• _Your instructions_
Please give every entry again, exactly as it reads.

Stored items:
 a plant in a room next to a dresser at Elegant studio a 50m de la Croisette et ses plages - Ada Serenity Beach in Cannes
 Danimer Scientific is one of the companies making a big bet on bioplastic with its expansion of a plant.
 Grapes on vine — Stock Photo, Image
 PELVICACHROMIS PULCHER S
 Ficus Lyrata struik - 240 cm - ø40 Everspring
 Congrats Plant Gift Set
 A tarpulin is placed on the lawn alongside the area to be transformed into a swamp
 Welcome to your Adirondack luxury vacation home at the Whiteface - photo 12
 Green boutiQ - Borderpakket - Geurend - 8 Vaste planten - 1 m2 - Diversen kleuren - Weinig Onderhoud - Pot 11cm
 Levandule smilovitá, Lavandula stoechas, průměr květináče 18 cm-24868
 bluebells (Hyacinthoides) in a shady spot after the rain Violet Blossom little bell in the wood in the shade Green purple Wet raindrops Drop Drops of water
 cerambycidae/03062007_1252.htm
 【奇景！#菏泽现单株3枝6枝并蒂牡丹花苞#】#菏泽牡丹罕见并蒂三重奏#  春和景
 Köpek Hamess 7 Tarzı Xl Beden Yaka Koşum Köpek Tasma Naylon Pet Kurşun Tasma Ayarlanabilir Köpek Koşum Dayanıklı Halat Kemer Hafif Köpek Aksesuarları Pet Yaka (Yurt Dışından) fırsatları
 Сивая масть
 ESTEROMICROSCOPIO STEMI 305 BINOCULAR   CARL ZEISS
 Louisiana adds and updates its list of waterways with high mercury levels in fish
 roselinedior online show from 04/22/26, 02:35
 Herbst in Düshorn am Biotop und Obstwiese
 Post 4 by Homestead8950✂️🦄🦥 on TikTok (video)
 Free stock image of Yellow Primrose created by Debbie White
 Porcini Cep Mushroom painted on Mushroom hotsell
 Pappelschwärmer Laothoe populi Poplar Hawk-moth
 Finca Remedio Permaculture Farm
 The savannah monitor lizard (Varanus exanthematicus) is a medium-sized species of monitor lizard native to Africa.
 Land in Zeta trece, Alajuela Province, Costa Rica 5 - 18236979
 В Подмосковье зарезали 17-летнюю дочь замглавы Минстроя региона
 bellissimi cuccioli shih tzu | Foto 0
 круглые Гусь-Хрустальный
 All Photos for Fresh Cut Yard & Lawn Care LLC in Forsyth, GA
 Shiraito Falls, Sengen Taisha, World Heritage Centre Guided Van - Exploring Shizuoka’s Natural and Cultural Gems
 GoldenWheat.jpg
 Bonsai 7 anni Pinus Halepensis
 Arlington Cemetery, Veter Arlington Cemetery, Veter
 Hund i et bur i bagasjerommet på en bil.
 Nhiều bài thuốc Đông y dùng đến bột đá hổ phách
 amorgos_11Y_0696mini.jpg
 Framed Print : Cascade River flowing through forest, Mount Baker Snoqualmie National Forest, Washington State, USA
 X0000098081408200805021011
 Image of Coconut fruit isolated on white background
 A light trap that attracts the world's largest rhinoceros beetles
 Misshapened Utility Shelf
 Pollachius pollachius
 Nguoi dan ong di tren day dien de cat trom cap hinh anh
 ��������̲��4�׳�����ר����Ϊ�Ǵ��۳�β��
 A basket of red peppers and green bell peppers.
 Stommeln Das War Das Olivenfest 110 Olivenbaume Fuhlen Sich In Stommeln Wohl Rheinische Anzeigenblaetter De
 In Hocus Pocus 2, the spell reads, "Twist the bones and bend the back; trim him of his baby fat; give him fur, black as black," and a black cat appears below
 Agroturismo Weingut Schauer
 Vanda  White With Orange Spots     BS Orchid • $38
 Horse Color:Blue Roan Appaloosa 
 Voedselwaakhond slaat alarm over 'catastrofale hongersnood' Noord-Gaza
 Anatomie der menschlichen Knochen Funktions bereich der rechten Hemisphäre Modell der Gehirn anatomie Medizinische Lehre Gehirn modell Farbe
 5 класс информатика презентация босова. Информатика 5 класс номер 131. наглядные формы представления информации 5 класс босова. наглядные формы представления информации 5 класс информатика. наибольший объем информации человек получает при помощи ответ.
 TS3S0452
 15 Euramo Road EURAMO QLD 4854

• _Output of the exercise_
 a plant in a room next to a dresser at Elegant studio a 50m de la Croisette et ses plages - Ada Serenity Beach in Cannes
 Danimer Scientific is one of the companies making a big bet on bioplastic with its expansion of a plant.
 Grapes on vine — Stock Photo, Image
 PELVICACHROMIS PULCHER S
 Ficus Lyrata struik - 240 cm - ø40 Everspring
 Congrats Plant Gift Set
 A tarpulin is placed on the lawn alongside the area to be transformed into a swamp
 Welcome to your Adirondack luxury vacation home at the Whiteface - photo 12
 Green boutiQ - Borderpakket - Geurend - 8 Vaste planten - 1 m2 - Diversen kleuren - Weinig Onderhoud - Pot 11cm
 Levandule smilovitá, Lavandula stoechas, průměr květináče 18 cm-24868
 bluebells (Hyacinthoides) in a shady spot after the rain Violet Blossom little bell in the wood in the shade Green purple Wet raindrops Drop Drops of water
 cerambycidae/03062007_1252.htm
 【奇景！#菏泽现单株3枝6枝并蒂牡丹花苞#】#菏泽牡丹罕见并蒂三重奏#  春和景
 Köpek Hamess 7 Tarzı Xl Beden Yaka Koşum Köpek Tasma Naylon Pet Kurşun Tasma Ayarlanabilir Köpek Koşum Dayanıklı Halat Kemer Hafif Köpek Aksesuarları Pet Yaka (Yurt Dışından) fırsatları
 Сивая масть
 ESTEROMICROSCOPIO STEMI 305 BINOCULAR   CARL ZEISS
 Louisiana adds and updates its list of waterways with high mercury levels in fish
 roselinedior online show from 04/22/26, 02:35
 Herbst in Düshorn am Biotop und Obstwiese
 Post 4 by Homestead8950✂️🦄🦥 on TikTok (video)
 Free stock image of Yellow Primrose created by Debbie White
 Porcini Cep Mushroom painted on Mushroom hotsell
 Pappelschwärmer Laothoe populi Poplar Hawk-moth
 Finca Remedio Permaculture Farm
 The savannah monitor lizard (Varanus exanthematicus) is a medium-sized species of monitor lizard native to Africa.
 Land in Zeta trece, Alajuela Province, Costa Rica 5 - 18236979
 В Подмосковье зарезали 17-летнюю дочь замглавы Минстроя региона
 bellissimi cuccioli shih tzu | Foto 0
 круглые Гусь-Хрустальный
 All Photos for Fresh Cut Yard & Lawn Care LLC in Forsyth, GA
 Shiraito Falls, Sengen Taisha, World Heritage Centre Guided Van - Exploring Shizuoka’s Natural and Cultural Gems
 GoldenWheat.jpg
 Bonsai 7 anni Pinus Halepensis
 Arlington Cemetery, Veter Arlington Cemetery, Veter
 Hund i et bur i bagasjerommet på en bil.
 Nhiều bài thuốc Đông y dùng đến bột đá hổ phách
 amorgos_11Y_0696mini.jpg
 Framed Print : Cascade River flowing through forest, Mount Baker Snoqualmie National Forest, Washington State, USA
 X0000098081408200805021011
 Image of Coconut fruit isolated on white background
 A light trap that attracts the world's largest rhinoceros beetles
 Misshapened Utility Shelf
 Pollachius pollachius
 Nguoi dan ong di tren day dien de cat trom cap hinh anh
 ��������̲��4�׳�����ר����Ϊ�Ǵ��۳�β��
 A basket of red peppers and green bell peppers.
 Stommeln Das War Das Olivenfest 110 Olivenbaume Fuhlen Sich In Stommeln Wohl Rheinische Anzeigenblaetter De
 In Hocus Pocus 2, the spell reads, "Twist the bones and bend the back; trim him of his baby fat; give him fur, black as black," and a black cat appears below
 Agroturismo Weingut Schauer
 Vanda  White With Orange Spots     BS Orchid • $38
 Horse Color:Blue Roan Appaloosa 
 Voedselwaakhond slaat alarm over 'catastrofale hongersnood' Noord-Gaza
 Anatomie der menschlichen Knochen Funktions bereich der rechten Hemisphäre Modell der Gehirn anatomie Medizinische Lehre Gehirn modell Farbe
 5 класс информатика презентация босова. Информатика 5 класс номер 131. наглядные формы представления информации 5 класс босова. наглядные формы представления информации 5 класс информатика. наибольший объем информации человек получает при помощи ответ.
 TS3S0452
 15 Euramo Road EURAMO QLD 4854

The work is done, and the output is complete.